1. A method of providing conditional access for a service, the method comprising: detecting an event requiring transmission of information to a service provider from a set top box; establishing a non-landline telephone connection between the set top box and the service provider; sending the information via the non-landline telephone connection to the service provider; and receiving a service via the set top box in response to sending the information, wherein the service is provided via a medium different than the non-landline connection.

2. The method of claim 1, wherein establishing a non-landline telephone connection between the set top box and the service provider comprises: determining a user preference for a type of connection to establish between the set top box and the service provider; and selecting the non-landline telephone connection based on the user preference.

3. The method of claim 2, wherein the user preference specifies a condition for selecting the non-landline connection and selecting the non-landline telephone connection comprises: determining whether the condition exists; and selecting the non-landline telephone connection if the condition exists.

4. The method of claim 3, wherein the condition comprises determining whether the landline telephone connection is unavailable.

5. The method of claim 3, wherein a plurality of different types of non-land line connections between the set top box and the service provider are available and selecting the non-landline telephone connection comprises: selecting one of the non-land line connections based on cost.

6. The method of claim 1, wherein the non-landline telephone connection comprises a local area network connection at a customer premises where the set top box is located.

7. The method of claim 6, wherein the non-landline telephone connection further comprises a connection in an Internet Protocol network external to the customer premises.

8. The method of claim 1, wherein the non-landline telephone connection comprises a connection in a cellular network, and establishing a non-landline telephone connection between the set top box and the service provider comprises: establishing a connection between the set top box and the service provider via the cellular network.

9. The method of claim 1, wherein the non-landline telephone connection comprises a Bluetooth connection between the set top box and another device that is operable to communicate with the service provider.

10. The method of claim 1, wherein the service is a service providing content via satellite, and the set top box is a satellite set top box used to receive the service.

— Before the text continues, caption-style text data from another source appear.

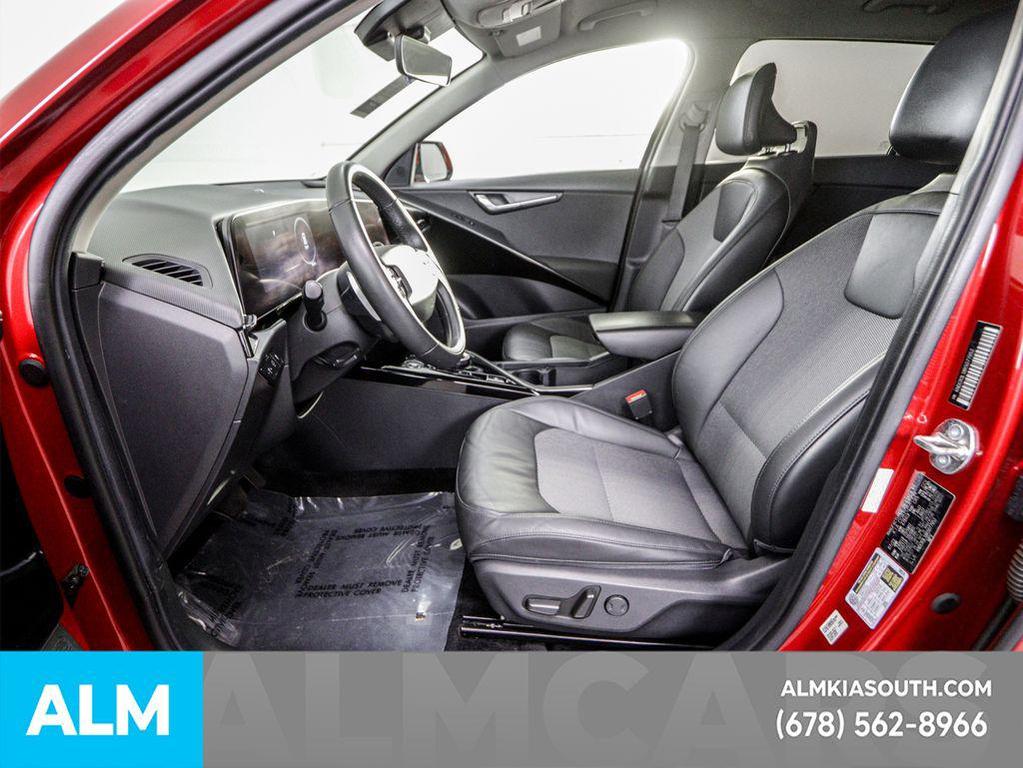 used 2024 Kia Niro EV car, priced at $12,920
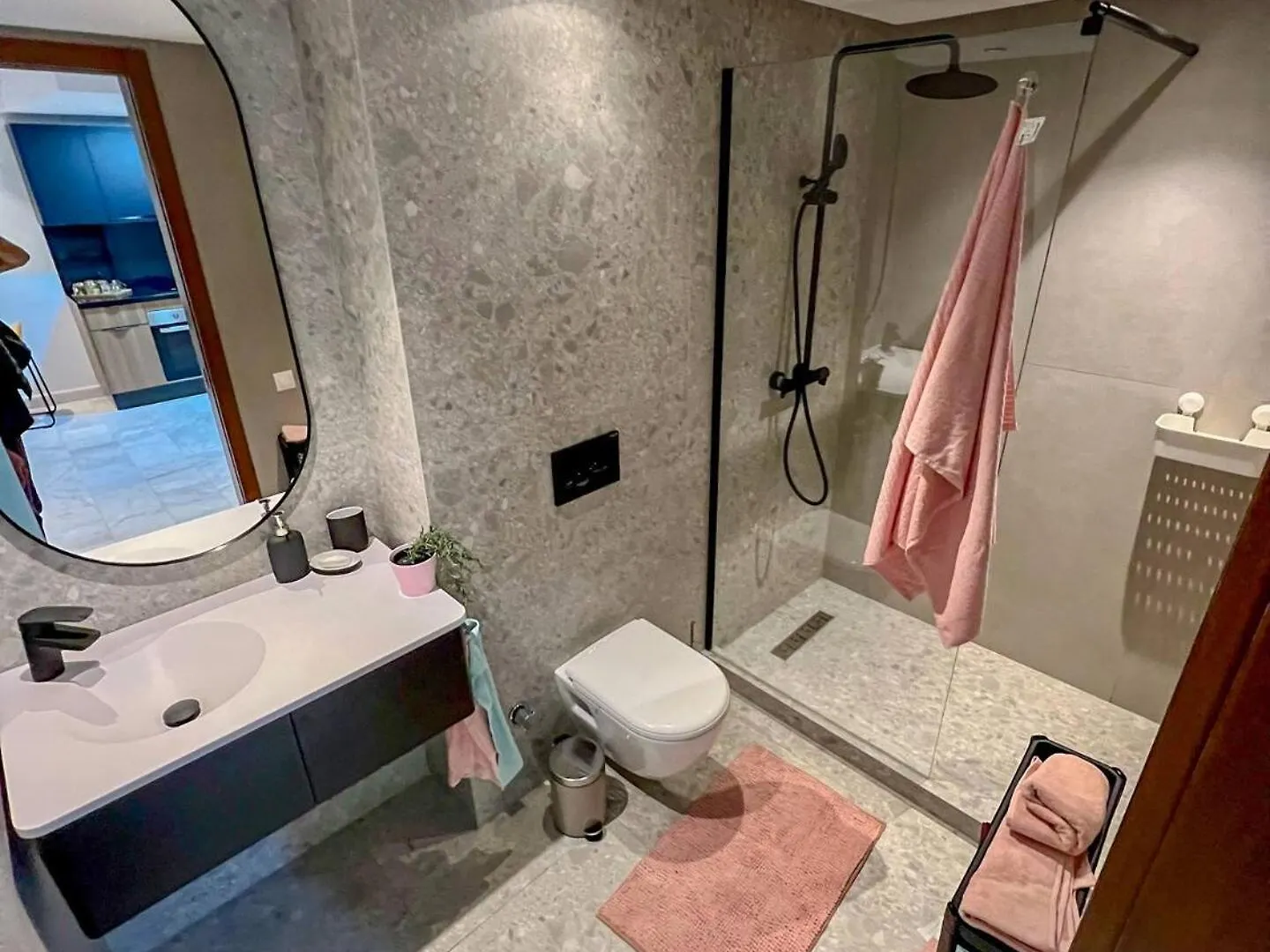 Studio Haven In The Old Medina Casablanca Apartment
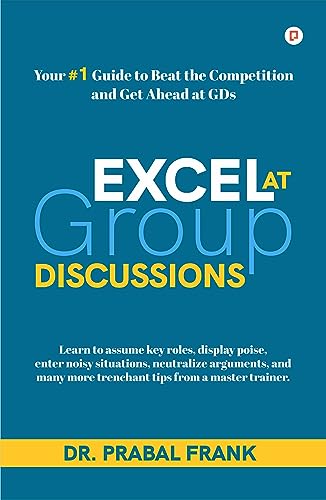 Stock image for Excel at Group Discussions for sale by ThriftBooks-Atlanta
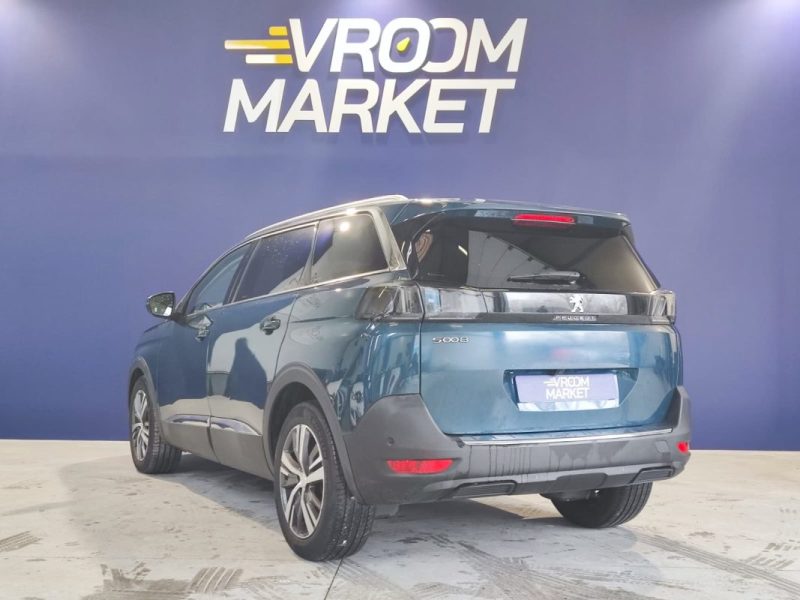 PEUGEOT 5008 II 1.5 BLUEHDI 130CH S&S ALLURE EAT8 2021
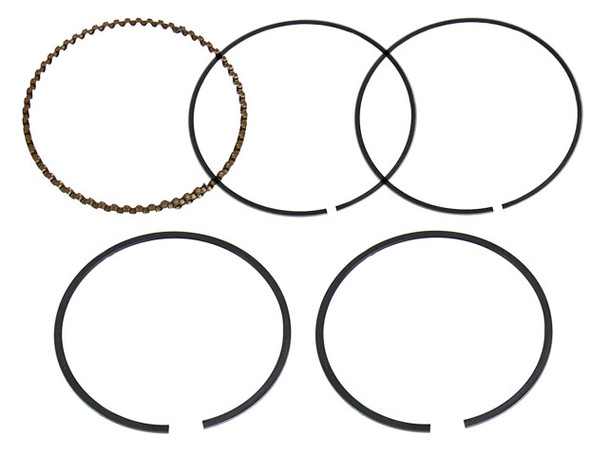 Namura Piston Rings 88.89Mm Pol For Namura Pistons Only Na-50026-4R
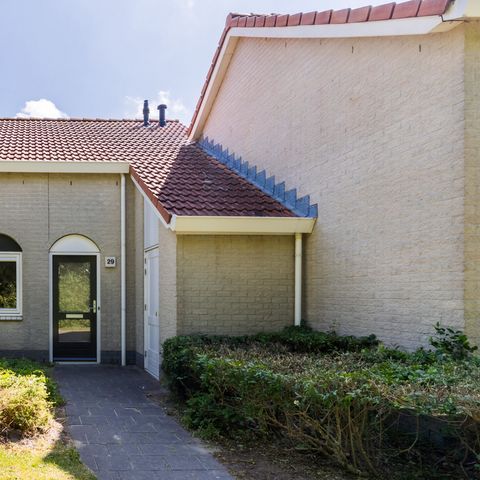 Bungalow 6 Personen - Komfort 6K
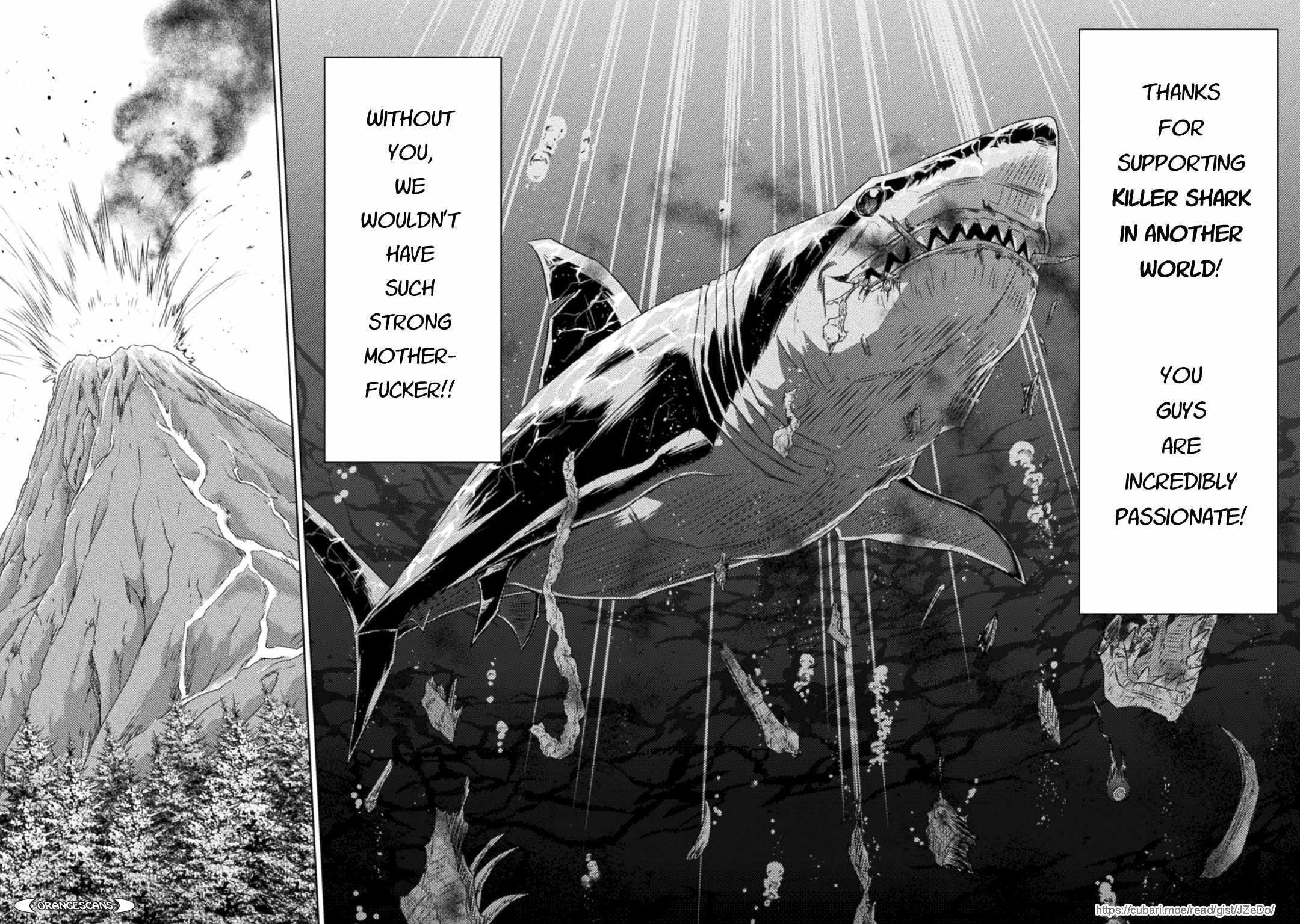 KILLER SHARK IN ANOTHER WORLD Chapter 32 41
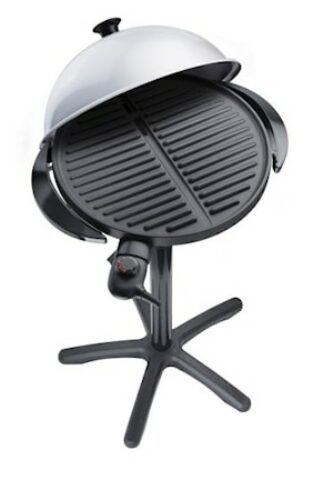 BBQ Elektrisk Grill STVG250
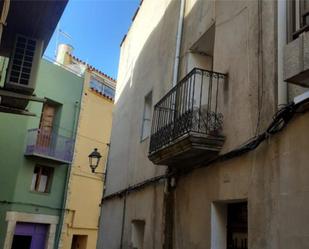 Terrassa de Casa adosada en venda en Canet lo Roig amb Terrassa i Balcó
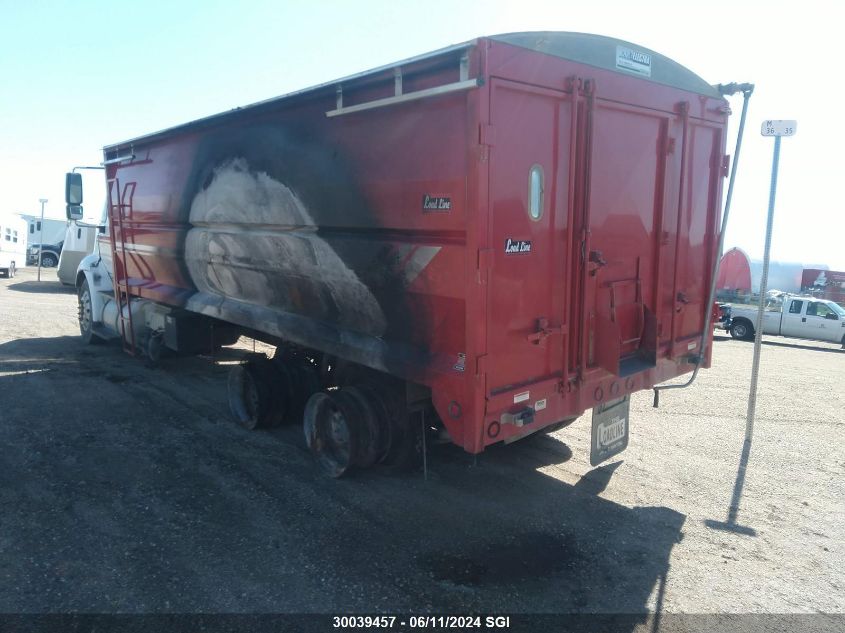 2009 International 8000 8600 VIN: 1HSHXAHR89J050523 Lot: 30039457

11. The method of claim 10, wherein detecting an event requiring transmission of information to a service provider from a set top box comprises: receiving a request for a premium service from a user; and sending the information comprises sending the request via the non-landline telephone connection to the service provider.

12. A satellite set top box operable to provide a service from a satellite service provider at a customer premises, the satellite set top box comprising: a non-landline telephone interface configured to send information to the satellite service provider; a satellite interface configured to receive content for the service; a processor establishing a connection between the set top box and the satellite service provider via the non-landline telephone interface and sending a service-related request via the non-landline telephone interface to the satellite service provider; and the set top box receives content for the service the via the satellite interface in response to sending the service-related request.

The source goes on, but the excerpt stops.